Well, the company and its affiliates are certainly well-diversified, with office, retail, entertainment, life science, and residential assets in its portfolios. It recently announced it is increasing its stake in a really big Cambridge, Mass. mixed-use/life-science complex called University Park, buying out its current JV partner Health Care REIT, Inc. (NYSE:HCN) to gain full control of the billion+ dollar campus in the hot Boston-metro market. Which is an interesting direction for the company, and leads me to wonder if Forest City CEO David LaRue and his team envision a more specialized or asset-specific course for the large firm’s future or if the company will remain as diversified as it is today. Health Care REIT, for its part, seems to be more focused on its senior-living and skilled-nursing holdings.

I don’t know everything about Forest City’s future plans, but since the company announced its intention of converting to a REIT, its various public communiques have revealed a great deal about its strategy going forward, which includes transforming into a REIT at the beginning of 2016. Additionally, CoStar reports,

..plans include retiring its remaining convertible senior notes through exchange transactions for stock, selling non-core assets, reducing costs through improved operational efficiency, and capital market transactions…

…Forest City reduced its total debt by $2.4 billion in the last three years.

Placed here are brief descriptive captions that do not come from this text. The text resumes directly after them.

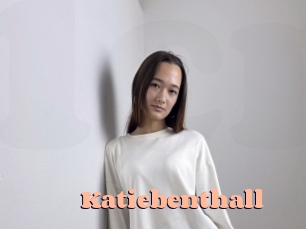 Katiebenthall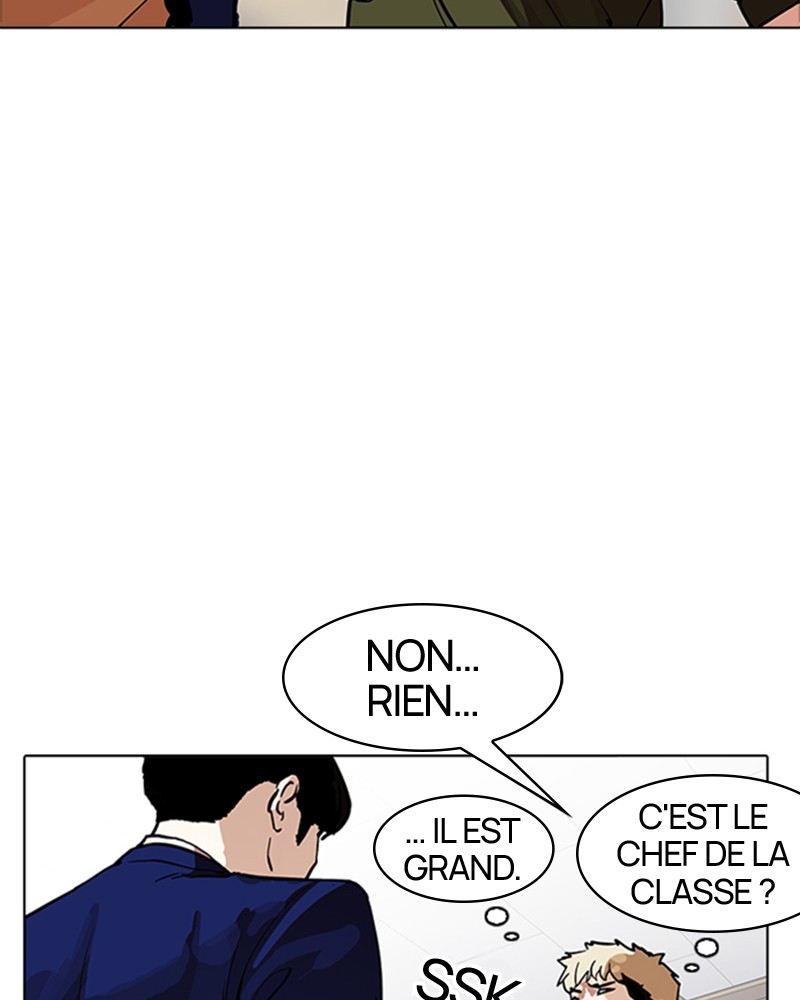 Lookism Chapitre 165 - Page 36
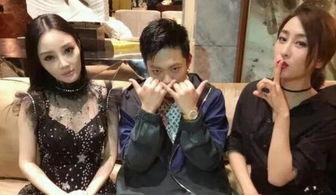 進(jìn)娛樂圈為了吃瓜的小說,從吃瓜群眾到幕后推手的逆襲之路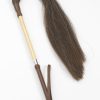 County Fly Whisk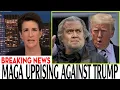 Download Lagu The Rachel Maddow Show 7/16/2025 | 🅼🆂🅽🅱️🅲 BREAKING NEWS Today July 16, 2025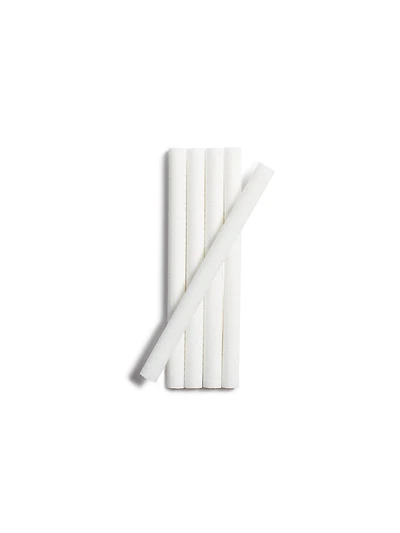 Tige blanche pour humidificateur (5)
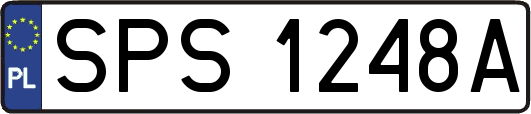 SPS1248A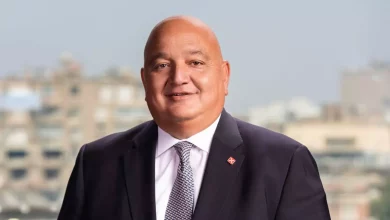 8e2deb332a63348ddba5196880823a21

And it expects to accelerate its deleveraging activities over the next three years.

According to O’Brien, the firm expects to see net proceeds from the sale of various non-core assets in the range of $600 million to $650 million over time. Some of the assets they are contemplating selling include their interests in the NBA Brooklyn Nets and the Barclays Center arena in Brooklyn, NY, as well as the Illinois Science & Technology Park near Chicago and the Skylight Office Tower in Cleveland.

Okay, so the company’s going core, upping their eds-and-meds game, deleveraging, and considering the exit of some of its more prominent holdings (the rusty UFO in Brooklyn, the Nets). All of this seems calculated to attract core-minded REIT investors; the company hopes to raises hundreds of millions of dollars by selling shares in a future stock offering.

Is it the right time? There are signs pointing to both Yes and No: on the one hand, the Fed has been threatening to raise rates for a while now, with people like Chicago Fed chair Charles Evans suggesting the rate hike should be postponed until next year–exactly when Forest City hopes to attract interest-rate-wary REIT investors. On the other hand, 2013 was a comparatively weak year for the REIT Index and REIT IPOs in general, and this was largely because of investors jittery about rate increases. Could it be investors have learned a thing or two, and are perhaps less skittish about interest rates?

Remember, the Fed wants to see tangible evidence of national economic recovery (e.g. the 15-year-low unemployment rate we’re seeing right now), and rate hikes will only accompany improvement in the fundamentals that affect CRE performance. So, this whole interest-rate argument seems overblown, in my view.